While banks have been actively exploring the many options offered by cryptocurrencies and, more broadly, by blockchain technology, there has been a notable uptick in interest and adoption throughout 2023. The trend is particularly noticeable among European banks.

France’s third-largest bank, Societe Generale, became the latest to further the trend on December 4 as it unveiled the launch of its first-ever digital green bond. The bond has been registered directly by the company as a Security Token on the Ethereum (ETH) blockchain.

It is a €10 million senior preferred unsecured bond and has a maturity of 3 years.

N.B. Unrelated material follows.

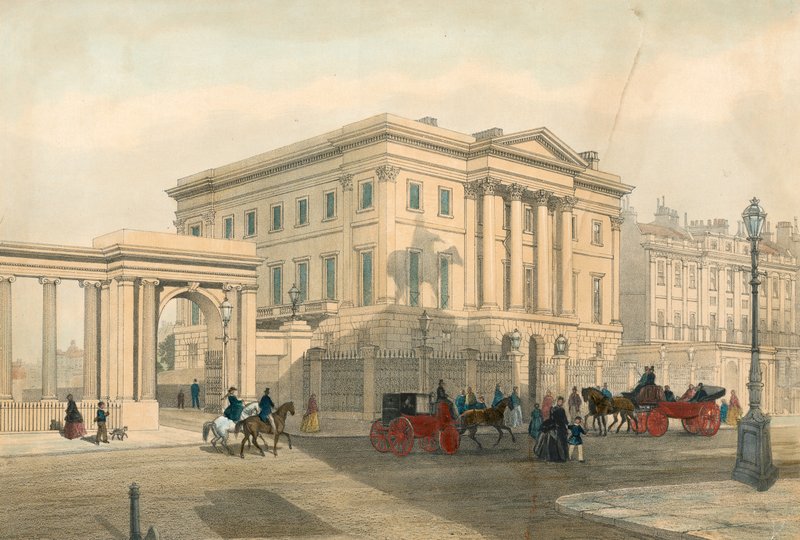 Apsley House and Entrance to Hyde Park Corner, Piccadilly, London by English School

Societe Generale explains that not only does the placing of the bond on the blockchain boost its fluidity, transparency, and transaction speed, but is also meant to serve as the first step in the drive to use blockchain technology as a certification tool and a data repository.

Growing institutional blockchain adoption

Societe Generale is neither the first nor alone in its efforts. In February 2023, for example, the government of Hong Kong issued its own $100 million tokenized green bond as part of its effort to further improve its digital assets framework – both in terms of infrastructure and regulation – while simultaneously promoting sustainable development of the city.

Various other European banks have also been increasingly focused on improving their cryptocurrency-related capabilities. German banks have been particularly active in this regard, with multiple companies – including the $1.4 trillion giant Deutsche Bank – seeking relevant permits from the government and others like DZ Bank becoming licensed crypto custodians.

As in Hong Kong, certain government institutions have been active when it comes to boosting their involvement with blockchain technology. While the Swiss city of Lugano made a significant step late in November when it integrated Polygon (MATIC) into its payment app and announced its plans to expand it to include other major blockchains.